通过复制以下 PySpark 代码，在文本编辑器中本地创建文件 wordcount.py。

#!/usr/bin/python
"""BigQuery I/O PySpark example."""
from pyspark.sql import SparkSession

spark = SparkSession \
  .builder \
  .appName('spark-bigquery-demo') \
  .getOrCreate()

# Cloud Storage bucket used by the connector for temporary BigQuery
# export data.
bucket = "BUCKET_NAME"
spark.conf.set('temporaryGcsBucket', bucket)

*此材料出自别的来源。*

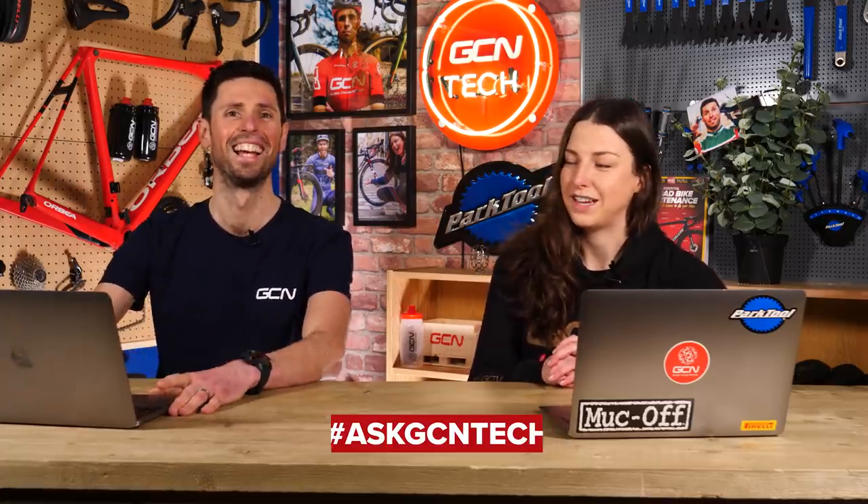Welcome back to another GCN Tech Clinic. If you're not familiar with how the tech clinic works, you simply comment your questions in the comments section underneath previous tech clinics. We pick them out and answer them as best as we can. Try using the hashtag AskGCNTech.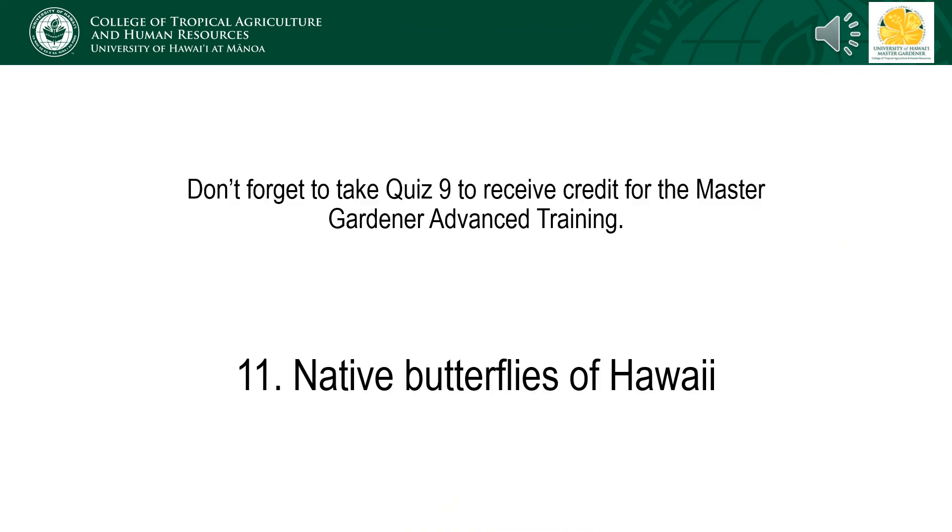In order to receive credit for the advanced certification, please complete quiz 10 found under lesson materials. The final lecture of this advanced pollinators module for the Master Gardeners will be presented by Dr. Will Haynes and will cover the identification and biology of Hawaii's native butterflies, as well as host plant considerations for encouraging their presence around your home.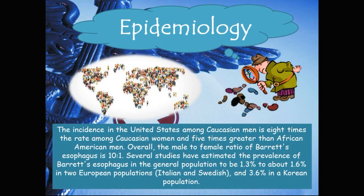Epidemiology. The incidence in the United States among Caucasian men is eight times the rate among Caucasian women and five times greater than African-American men. Overall, the male to female ratio of Barrett's esophagus is 10 to 1. Several studies have estimated the prevalence of Barrett's esophagus in the general population to be about 1.3% to 1.6% in two European populations — Italian and Swedish — and about 3.6% in a Korean population.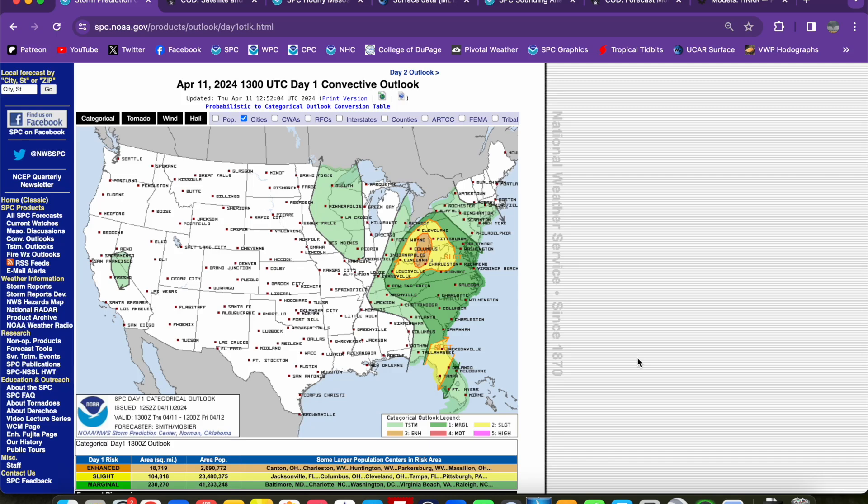Hey everybody, Trey here. Welcome back to another video. Apologies for the road noise in the background — I am in Dallas this morning. My storm chasing tour season has started. We are out on the road in Dallas doing some local activities yesterday before heading back to OKC today, doing some more activities before storm chasing ramps up early next week.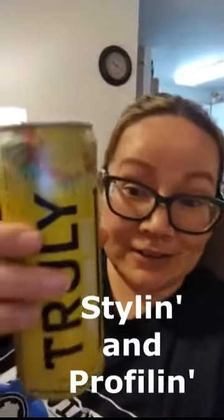So I'm testing out the new Truly Hard Seltzers. This one's called Dive Into Flavor and it's called Pina Colada Style. Oh, that tastes good. There's a lot of coconut in that. It tastes like straight up suntan lotion, but in a good way.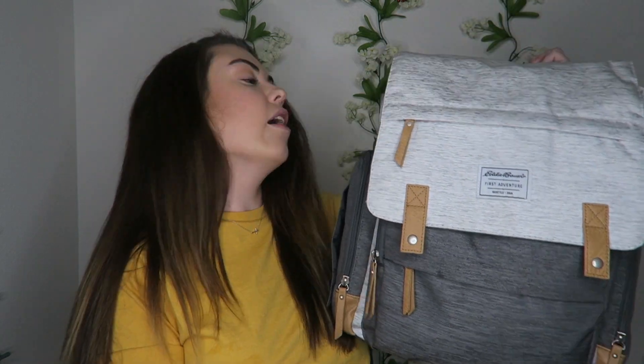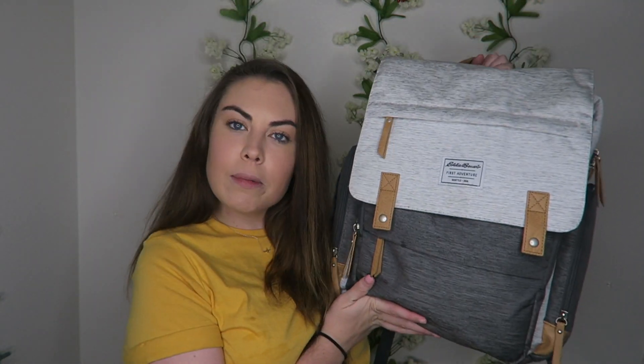I can't believe he was born six weeks ago, but I thought for today's video I would share with you guys what is in my diaper bag with a newborn. I've learned so far as we go what we need and what we don't need, but yes, I thought I'd share with you guys what is in our diaper bag for any of you new moms or moms-to-be.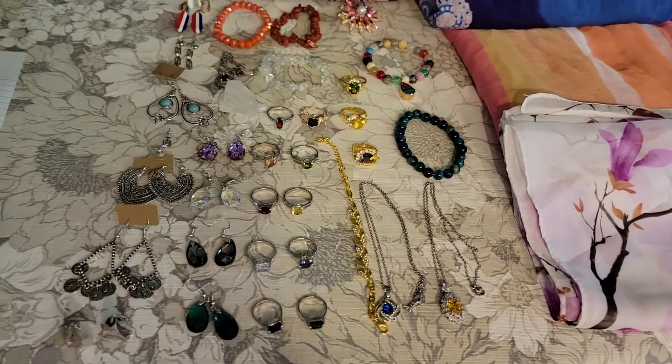All right. So for the morning sale, I brought 62 items. I sold 23, which means that 39 are still available. So let's go over those items that are available. I'm going to switch this around.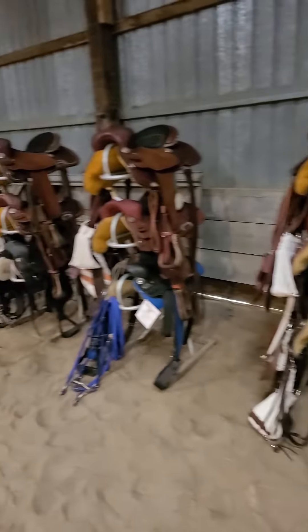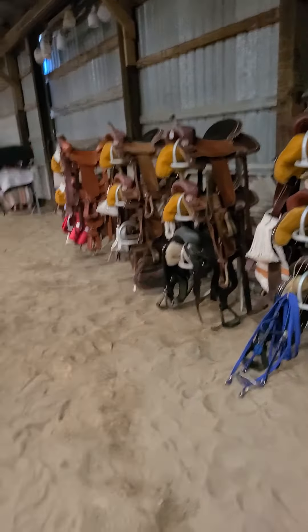If it rains, we'll be inside this shed, too. I think these are all new saddles — a whole line of them there. The sale starts at 10 a.m. We've got a lot of stuff to sell. It's going to be a big day.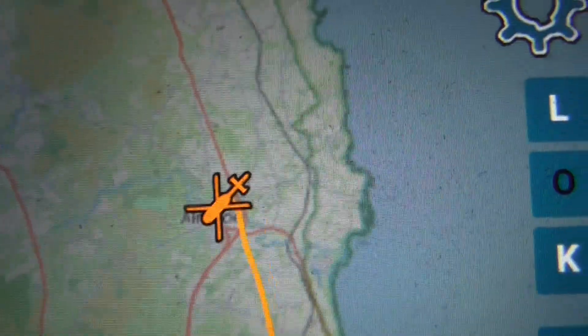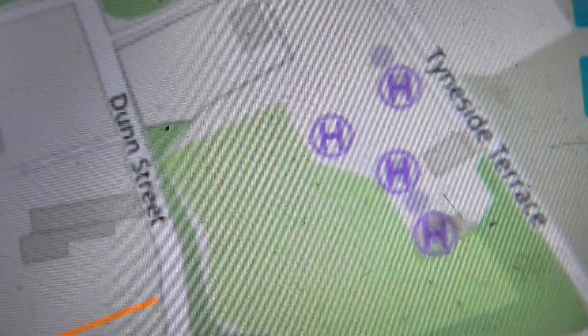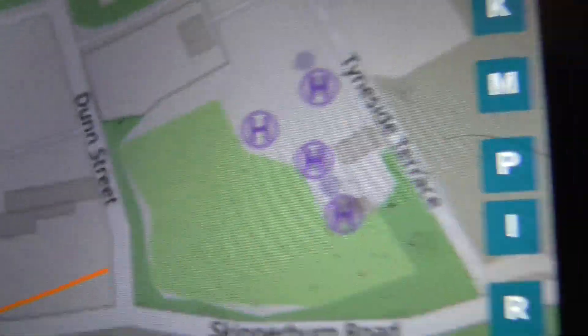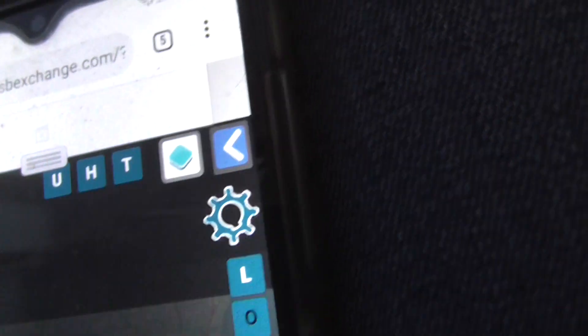It's landing at Anik again, yep, it's flying to Anik again. It took off from a heliport near Newcastle. So yep, this is the Newcastle heliport to Anik flight.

# Load data from BigQuery.
words = spark.read.format('bigquery') \
  .load('bigquery-public-data.samples.shakespeare') \
  .load()
words.createOrReplaceTempView('words')

# Perform word count.
word_count = spark.sql(
    'SELECT word, SUM(word_count) AS word_count FROM words GROUP BY word')
word_count.show()
word_count.printSchema()

# Save the data to BigQuery
word_count.write.format('bigquery') \
  .save('wordcount_dataset.wordcount_output')

提交 PySpark 批处理工作负载：

gcloud dataproc batches submit pyspark wordcount.py \
    --region=REGION \
    --deps-bucket=BUCKET_NAME

示例终端输出：

...
+---------+----------+
|     word|word_count|
+---------+----------+
|     XVII|         2|
|    spoil|        28|
|    Drink|         7|
|forgetful|         5|
|   Cannot|        46|
|    cures|        10|
|   harder|        13|
|  tresses|         3|
|      few|        62|
|  steel'd|         5|
| tripping|         7|
|   travel|        35|
|   ransom|        55|
|     hope|       366|
|       By|       816|
|     some|      1169|
|    those|       508|
|    still|       567|
|      art|       893|
|    feign|        10|
+---------+----------+
only showing top 20 rows

root
 |-- word: string (nullable = false)
 |-- word_count: long (nullable = true)

要在 Google Cloud 控制台中预览输出表，请打开 BigQuery 页面，选择 wordcount_output 表，然后点击预览。